# EXERCISE GOAL
Copy exactly and only the lines running from the one that contains "Vente Des Godemichés" to the final line of the data below, without the pictures.

# Image-caption web data
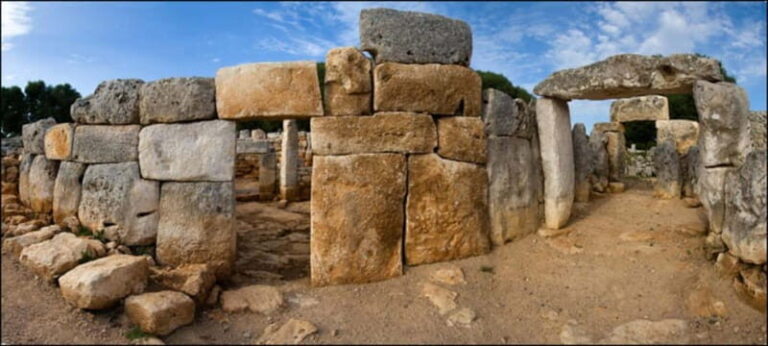 Menorca: Torre d'en Galmés Talayotic Settlement Experience - Key Points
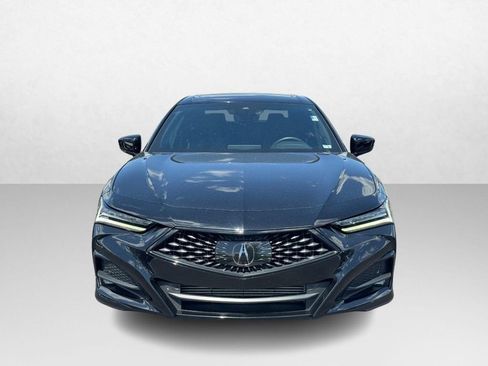 Certified 2023 Acura TLX SH-AWD w/ A-SPEC Pkg image 12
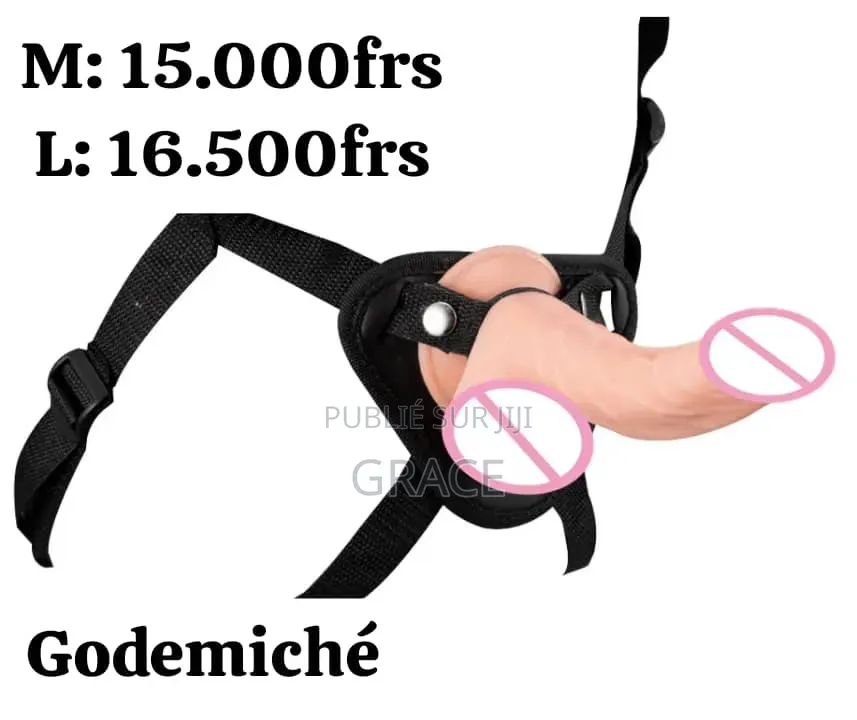 Vente Des Godemichés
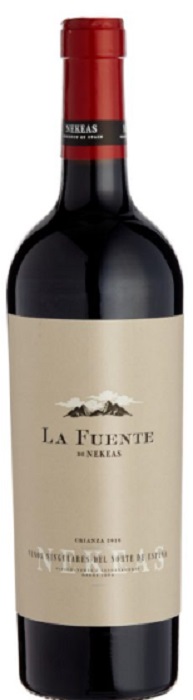 La Fuente Crianza Nekeas La Fuente Crianza Nekeas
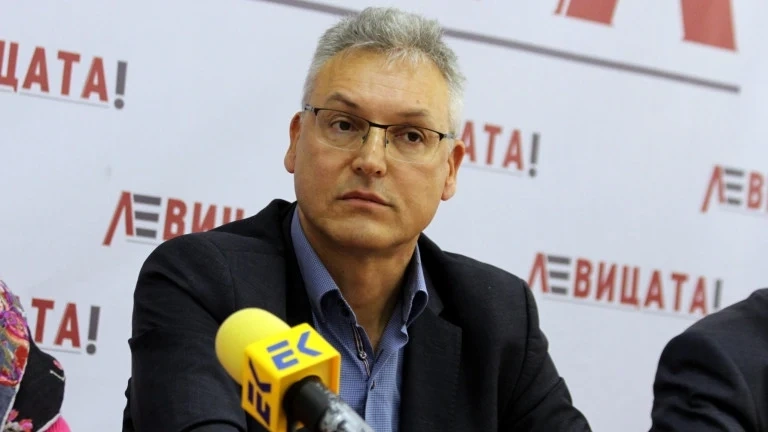 Жаблянов обясни къде е проблемът на БСП, който е довел до оставките в ръководството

# SOLUTION TO THIS PROBLEM
 Vente Des Godemichés
 La Fuente Crianza Nekeas La Fuente Crianza Nekeas
 Жаблянов обясни къде е проблемът на БСП, който е довел до оставките в ръководството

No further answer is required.